VITICULTURE
Travail du sol et risque de gel en vigne : attention danger !
Comment protéger la vigne face à l’aléa gel au printemps ? Outre les différents moyens de protection (tours à vent, bougies, bâches…), les pratiques jouent un rôle important dans la prévention. Le travail au sol, en particulier, augmente considérablement le risque de gel.
Avec des hivers de plus en plus doux, l’avancée des stades phénologiques de la vigne représente un risque plus important de dégâts face au gel de printemps. Comment adapter ses pratiques à cet aléa ? « Il faut déjà comprendre que l’humidité est un facteur de risque hyper important, insiste Guillaume Delanoue, ingénieur viticole à l’IFV. À même température, une humidité de 25 % peut griller 50 % de bourgeons de plus par rapport à une parcelle sèche ! Par ailleurs, plus il fait froid et plus l’écart d’hygrométrie s’accentue. » L’ingénieur de l’IFV a conduit plusieurs tests à Chinon et Quincy pour évaluer l’impact du travail du sol sur le risque de gel. « On constate que le travail du sol dégage de l’humidité. Le problème c’est qu’en avril, dans la période des épisodes gélifs, les viticulteurs ont recommencé à travailler leurs sols pour entretenir le cavaillon et l’inter-rang. Il poursuit : Notre étude a montré qu’aux heures les plus froides, l’humidité relative au niveau des bourgeons est supérieure de plus de 30 % dans les parcelles travaillées que dans les parcelles non travaillées. Et cela pendant au moins deux jours ! »

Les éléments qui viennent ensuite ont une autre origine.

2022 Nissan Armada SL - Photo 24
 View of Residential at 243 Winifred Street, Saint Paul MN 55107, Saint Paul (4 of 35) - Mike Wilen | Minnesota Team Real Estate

Ne pas toucher la parcelle les jours précédents le gel
On l’aura compris : Un travail du sol mal positionné ou une tonte de couvert trop importante peuvent provoquer de gros dégâts », signale Guillaume Delanoue. Si la météo est pluvieuse, mieux vaut s’abstenir de toucher la parcelle : « S’il pleut 20 mm par jour, il faudra 20 jours pour retrouver un taux d’humidité équivalent entre une parcelle travaillée et une parcelle non-travaillée. »
Il recommande : « Pour le cavaillon, la règle est de ne pas y toucher les 7 jours avant un risque de gel pour éviter les dégâts. De manière générale, mieux vaut ne plus rien toucher du 10 avril au 5 mai. »
Quel enherbement ?
Se pose donc la question de l’enherbement : comment gérer ses engrais verts et à quel moment les détruire ? « Soit avant la période critique, soit après, résume Guillaume Delanoue. Les engrais verts suffisamment hauts pour recouvrir les bourgeons (des deux côtés du rang) peuvent avoir un effet protecteur en cas de gel. Mais attention : un couvert trop dense présentera beaucoup d’humidité, accentuant le risque ! » La règle : « Si on trempe les pieds lorsqu’on marche dedans, il vaut mieux le faire sécher le plus vite possible, en faisant une tonte rase au moins 7 jours avant le gel. Il poursuit : Faucher est la pire des choses à faire, car c’est ce qui libère le plus d’humidité. Mieux vaut coucher le semi ou le rouler, mais je recommande plutôt de ne rien faire du tout ! »
Exposition, taille, aspersion… Quels effets ?
Guillaume Delanoue a également observé les impacts de plusieurs pratiques. Ses conclusions ? « L’exposition et l’orientation de la parcelle n’ont finalement que peu d’effets, car on n’a jamais les mêmes vents ni le même gel. » L’utilisation de biostimulants ? « Sortir un pulvé en avril avec des produits chers qui permettent de gagner 4 grappes… honnêtement, je n’y vois pas d’intérêt. » Par ailleurs, après un gel tardif au débourrement, certains se posent la question de tailler ou non pour relancer le bois. « Ça ne change rien, on ne récupère pas le rendement et on risque même d’aggraver la situation », estime-t-il.